In Section 5.3 we found that we can improve the generalization performance of our BBB model significantly by cooling the posterior with a temperature T ≪ 1, deviating from the true Bayes posterior. This cold posterior effect is shown in detail in Fig. 13 for our model trained on radio galaxies with the Laplace prior. In Section 5.3 we modified our cost function to down-weight the posterior in equation (44) using a temperature term, T, with all subsequent experiments performed using T = 10⁻². In Fig. 13 we show the effect of varying T over a wide range of values.

Figure 13.

The ‘cold posterior’ effect for the MiraBest classification problem (see Section 7 for details). Data are shown for the BBB model trained with a Laplace prior with no data augmentation and the original ELBO cost function (solid blue line), the BBB model with no data augmentation and the Masegosa posterior cost function (red dashed line), the BBB model with data augmentation and the original ELBO function (orange dot–dashed line), and the BBB model with data augmentation and the Masegosa posterior cost function (green dotted line).
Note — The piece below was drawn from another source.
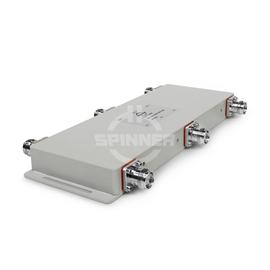 3 : 3 Hybrid combiner 694-2700 MHz 4.3-10 female DC port 1 to 6, 2 to 5, 3 to 4 product photo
10.1088/0067-0049/182/2/543

These results suggest that some component of the Bayesian framework in the context of this application is misspecified and it becomes difficult to justify using a Bayesian approach to these models whilst artificially reducing the effect of the components that make the learning Bayesian in the first place.

Finding an explanation for the cold posterior effect is an active area of research and several hypotheses have been proposed to explain this effect (Wenzel et al. 2020): use of uninformative priors, such as the standard Gaussian, which may lead to prior misspecification (Fortuin 2021); model misspecification; data augmentation or data set curation issues which lead to likelihood misspecification (Aitchison 2021; Nabarro et al. 2021). Here we consider two approaches for investigating the effect of these misspecifications.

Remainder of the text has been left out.